Reiterating India’s commitment to a low carbon economy


As an emerging economy, India's energy demands are rapidly expanding. Agriculture, transport, industries and the domestic sectors constitute the key segments of this rising demand. At present, in most of these sectors, a higher percentage of demand is being met from fossil based fuels such as coal and petroleum.


A dip in domestic production or a fall in the imports of fossil fuels can derail planned and proposed developmental activities. At the same time, inefficient usage of fossil fuel can trigger environmental degradation. Hence, the country is rapidly expanding the share of renewables in its energy mix and is implementing the world's largest renewable energy capacity addition programme. India aims to achieve 40% cumulative electric power capacity from non-fossil fuel based energy resources by 2030.

During the last few years India’s spending on renewable energy has substantially increased. Targets for various renewable energy sources have been revised to achieve renewable energy capacity of 175 GW (Gigawatt) by the year 2022. This shall include 100 GW from solar, 60 GW from wind, 10 GW from bio-power and 5 GW from small hydro-power. To fuel expansion in the renewable energy capacity addition, the government is also introducing several enabling policy measures across verticals. Also, there is a strong focus on raising awareness among citizens so as to cut on energy wastage and enhance their reliance on clean energy sources such as solar and wind energy.

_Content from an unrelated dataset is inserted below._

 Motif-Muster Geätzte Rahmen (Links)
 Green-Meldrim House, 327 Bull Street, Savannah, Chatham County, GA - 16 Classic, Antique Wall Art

In Goa, the state government and the central government are jointly working to ensure 24x7 access to quality reliable and affordable power supply to all domestic, commercial, agriculture and industrial consumers. To meet this need and to augment the share of renewable energy, the government has partnered with leading companies such as the NTPCVidyutVyaparNigam (NVVN) Limited. The Goa Energy Development Agency has been vested with the responsibility of enhancing adoption of clean energy based solutions in the domestic and industrial sectors. Recently, Pradhan Mantri UJALA (Unnat Jyoti by Affordable LED for all) Yojana was launched in Goa with a target of replacing approximately 15 lakh LED bulbs, impacting close to 5 lakh households.

While the above stated targets will enable participation of the private sector, it is evident that realizing ambitious targets will require robust business models and effective monitoring and evaluation mechanisms. The desirable shift from a fossil fuel based economy to a renewable based one will not happen in a day's time. In all, the key energy consuming sectors, relevant policy reforms, process re-engineering mechanisms and change in practices across the value chain will be instrumental. At the same time, access to efficient technology and easy finance will drive the sentiment of the energy sector in the country.


  • Sustainable approaches to energy consumption entail increased use of renewable energy, better fossil fuel technologies and implementation of improved energy conservation measures.
  • Adopting renewable energy sources such as solar, wind and biomass/gas are a few options that can be taken, along with using energy efficient appliances and upgrading to LED (light-emitting diode) based/compact fluorescent lighting.